— What to work on —
Exactly the lines from the one containing "PERFECT DARK, KIRBY" through the end of the data, and nothing more, should be retyped; pictures stay out.

— Input records —
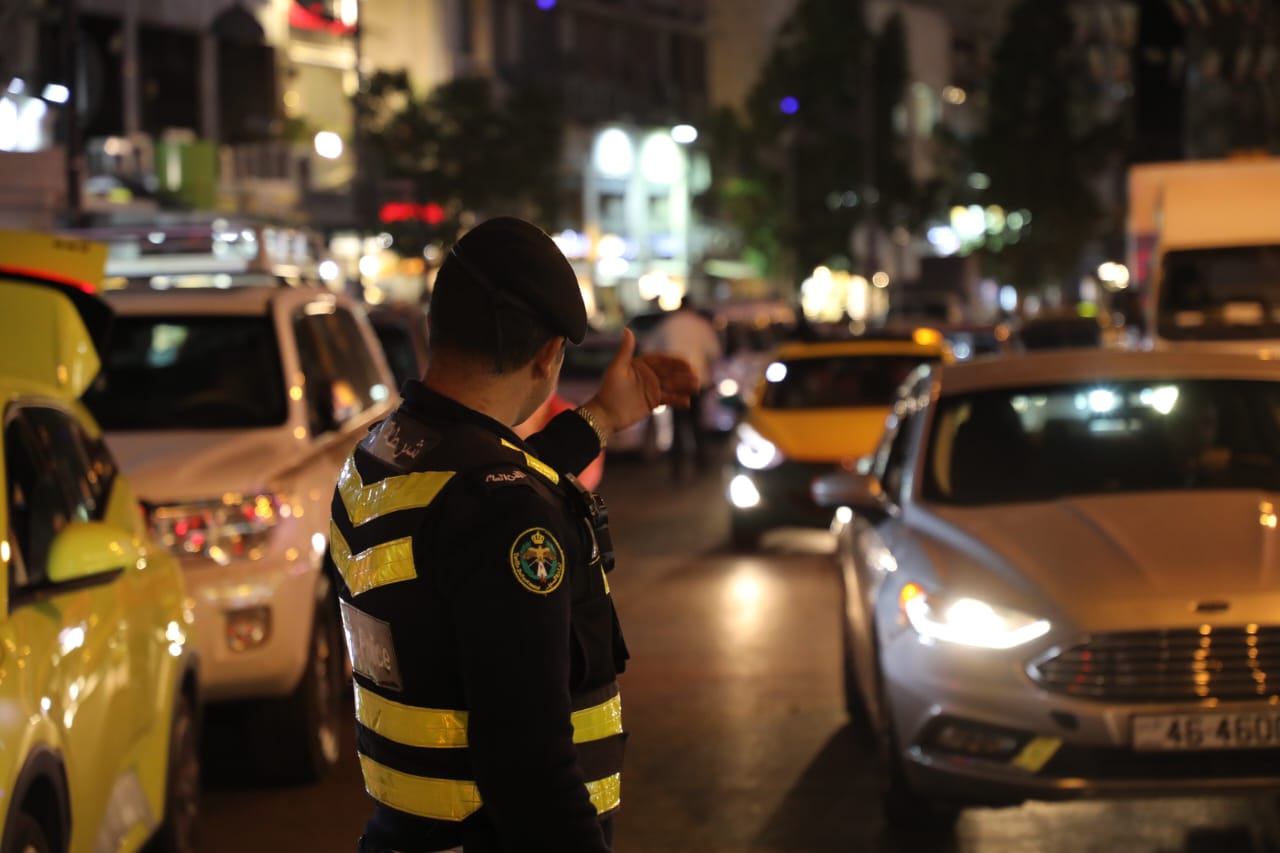 خطط أمنية ومرورية قبيل وخلال عطلة عيد الفطر 
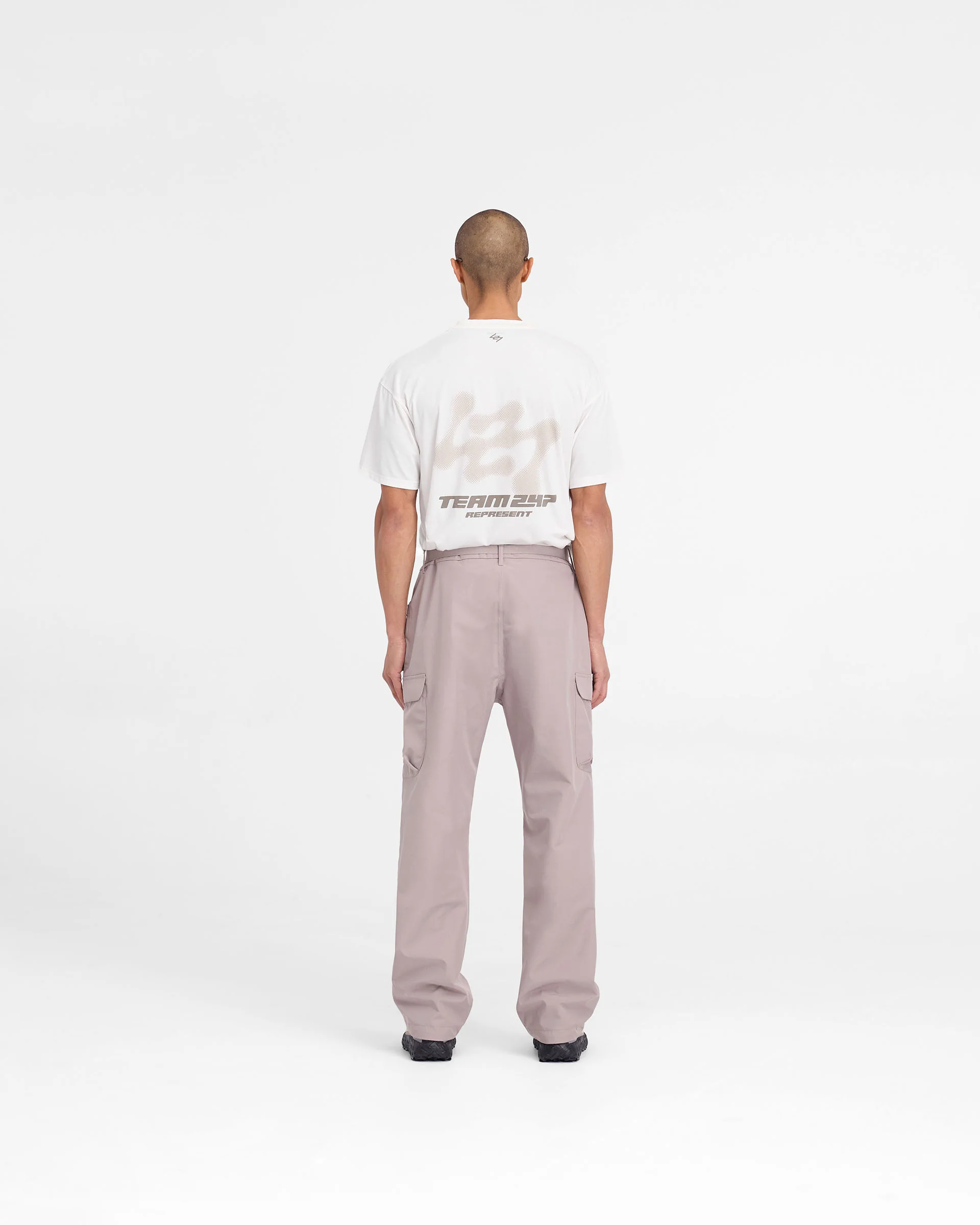 247 Technical Cargo Pant - Moonrock - Image 7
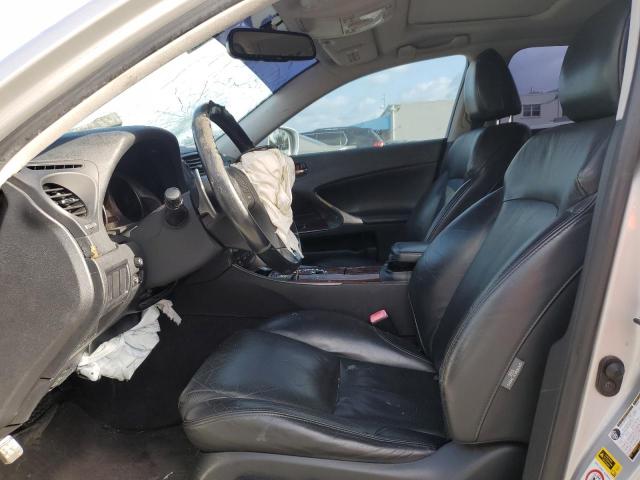 Photo 7 from auction – 2007 LEXUS IS 350 with VIN JTHBE262175013057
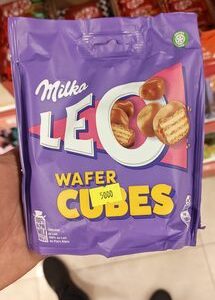 Leo Wafer Cubes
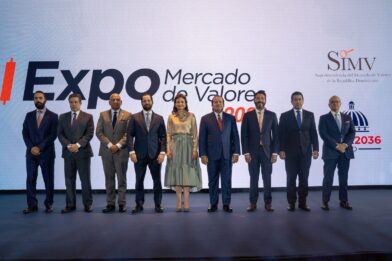 Vicepresidenta Raquel Peña inaugura Expo Mercado de Valores 2026 y reafirma el papel de la inversión como motor del desarrollo nacional.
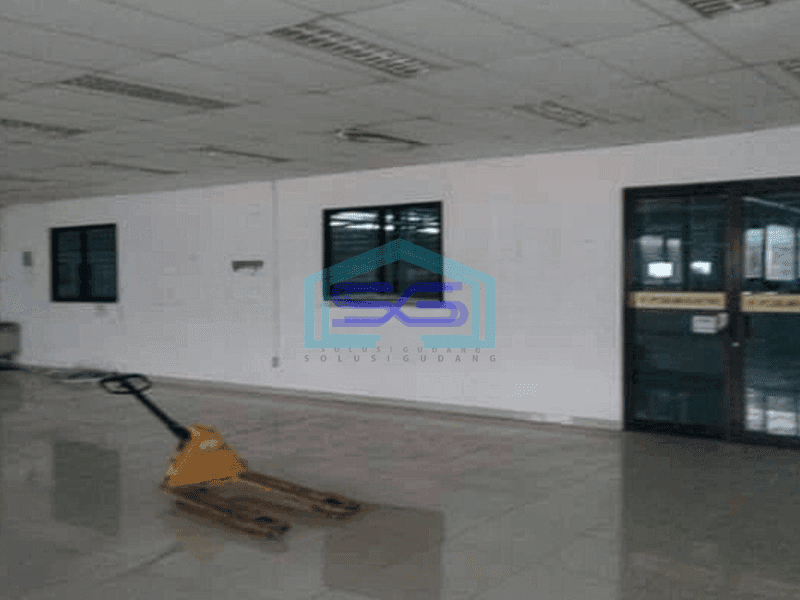 Dijual Pabrik ex PT Selim Elektro Di Karawang Timur!! Jln. Raya Curug-Kosambi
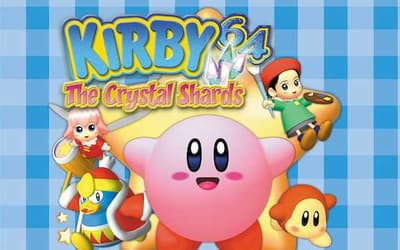 PERFECT DARK, KIRBY 64, And More Show Up On SUPER MARIO 3D ALL-STARS' Nintendo 64 Emulator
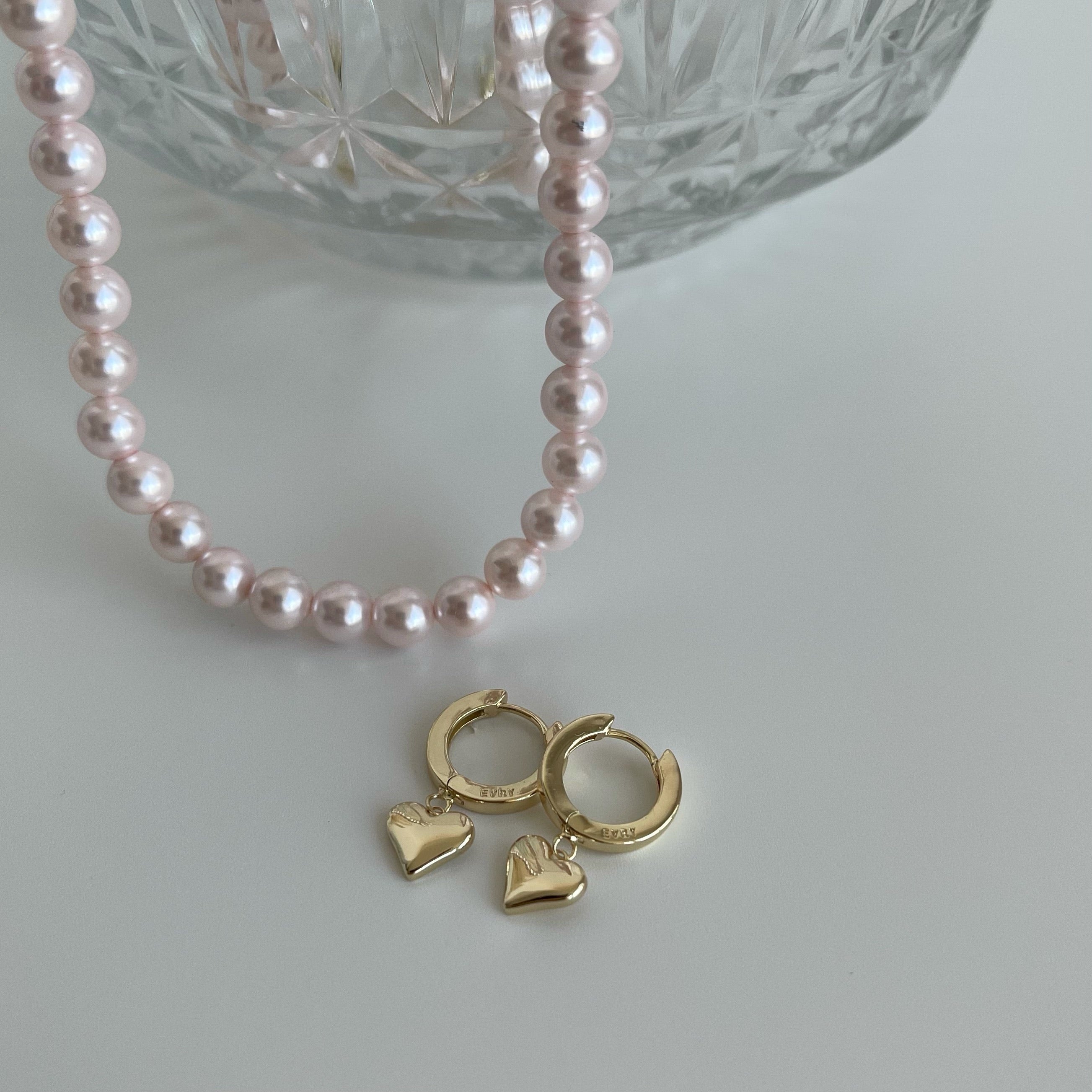 Adore – Luxe Heartfelt Earrings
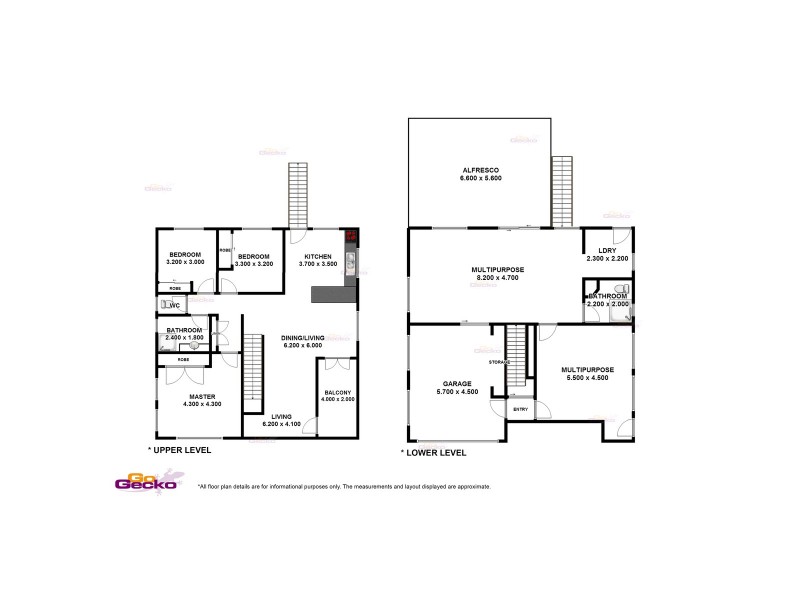 127 Groth Road, Boondall QLD 4034 Floorplan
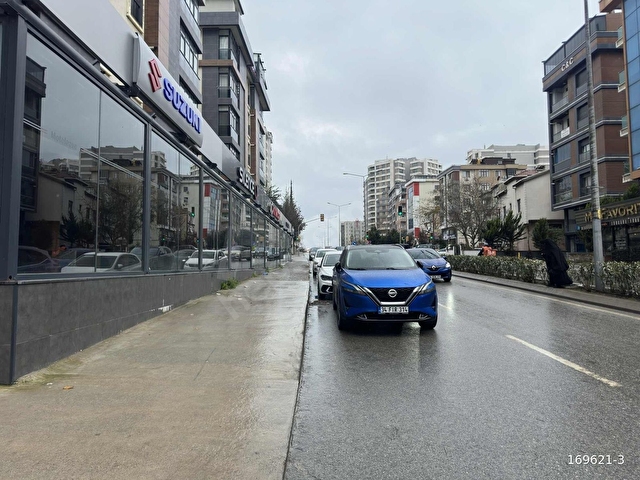 KARTAL ATALAR ÇANAKKALE CADDESİ ÜZERİNDE 600 m2 DEPOLU DÜKKAN - Görsel 12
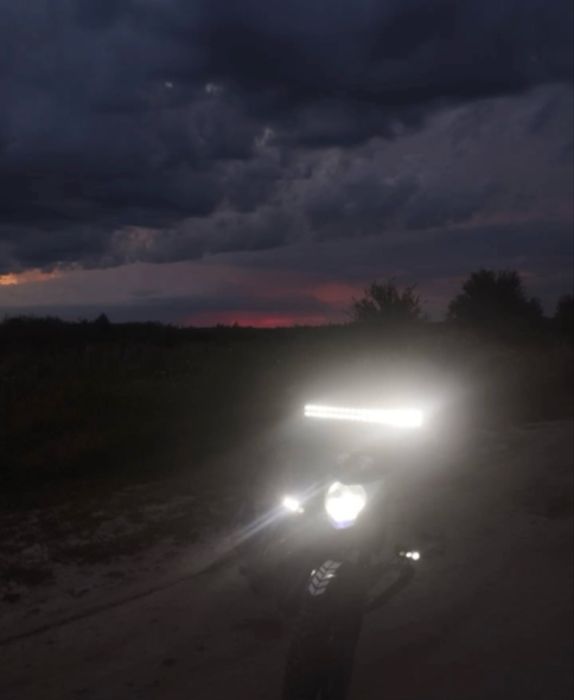 Продам лед балку 55 см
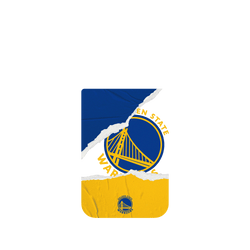 iPhone 17 Pro Clear Case（MagSafe 兼容 & 相機按鈕）  NBA 熱血系列-金州勇士 Golden State Warriors - Sweat and tears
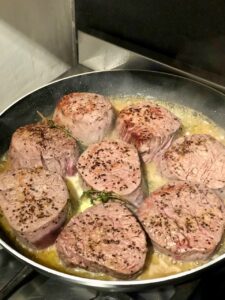 Catering service in London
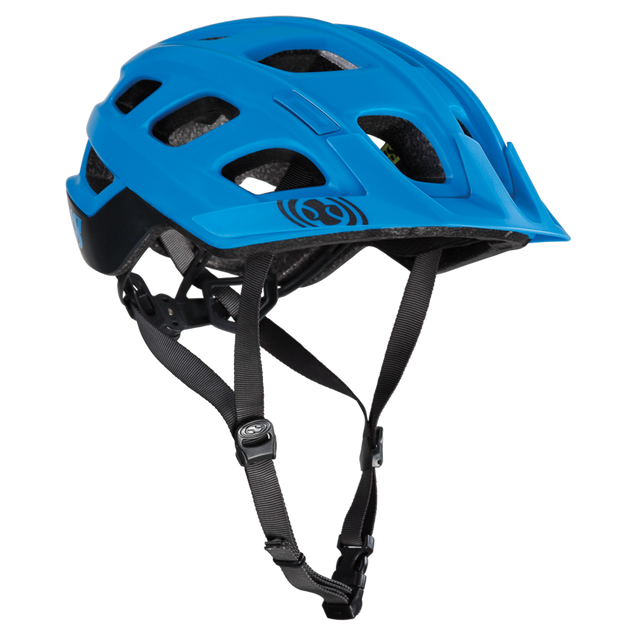 Trail XC Helm - Blau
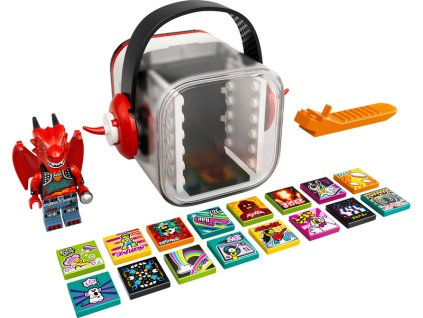 LEGO Vidiyo - Metal Dragon BeatBox - LEGO43109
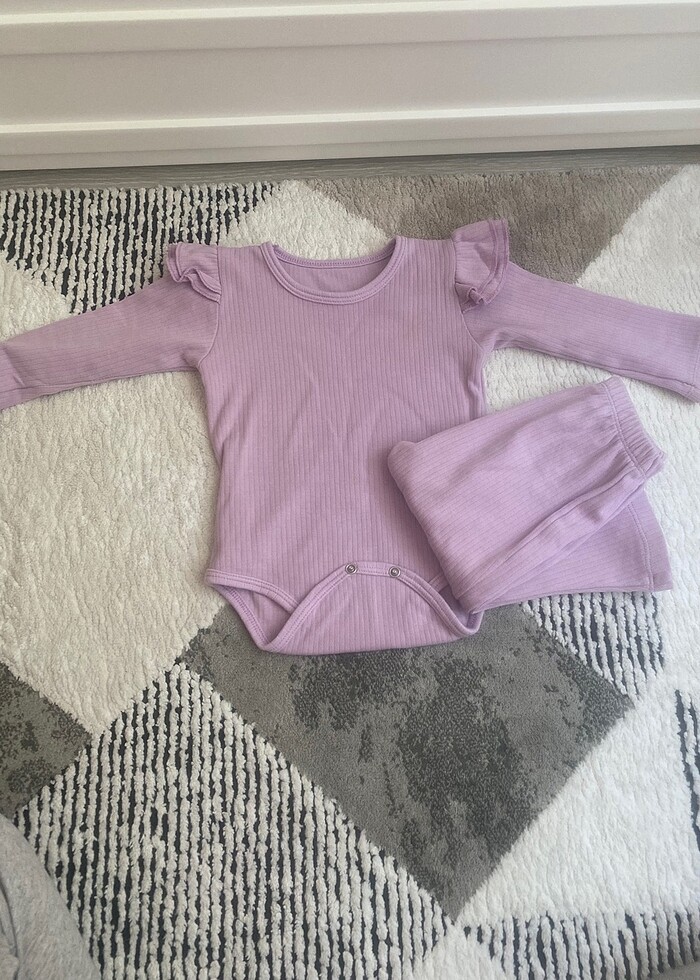 4 takım 9-12 ay - Görsel 4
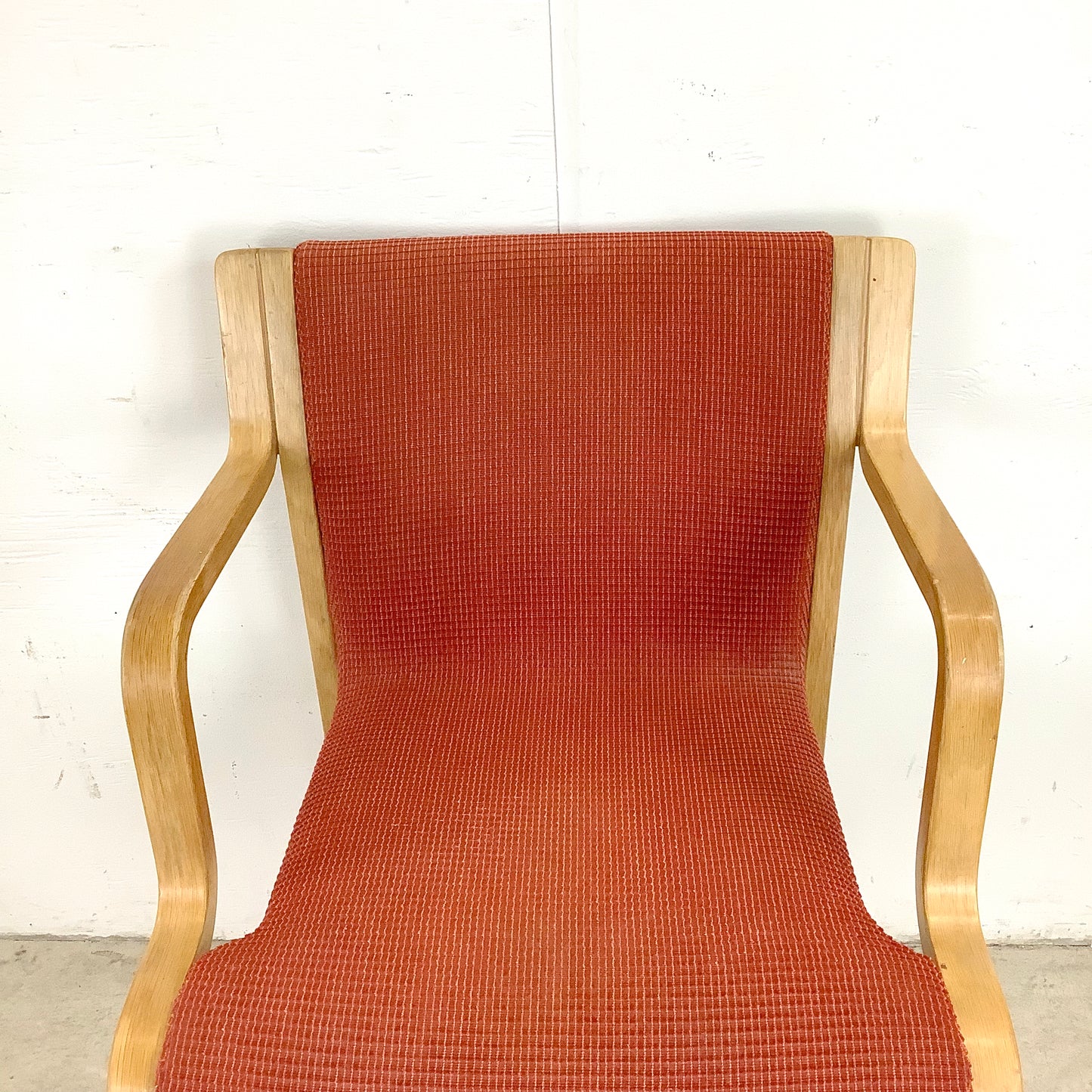 Vintage Modern Bentwood Armchair from Stendig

— Answer —
 PERFECT DARK, KIRBY 64, And More Show Up On SUPER MARIO 3D ALL-STARS' Nintendo 64 Emulator
 Adore – Luxe Heartfelt Earrings
 127 Groth Road, Boondall QLD 4034 Floorplan
 KARTAL ATALAR ÇANAKKALE CADDESİ ÜZERİNDE 600 m2 DEPOLU DÜKKAN - Görsel 12
 Продам лед балку 55 см
 iPhone 17 Pro Clear Case（MagSafe 兼容 & 相機按鈕）  NBA 熱血系列-金州勇士 Golden State Warriors - Sweat and tears
 Catering service in London
 Trail XC Helm - Blau
 LEGO Vidiyo - Metal Dragon BeatBox - LEGO43109
 4 takım 9-12 ay - Görsel 4
 Vintage Modern Bentwood Armchair from Stendig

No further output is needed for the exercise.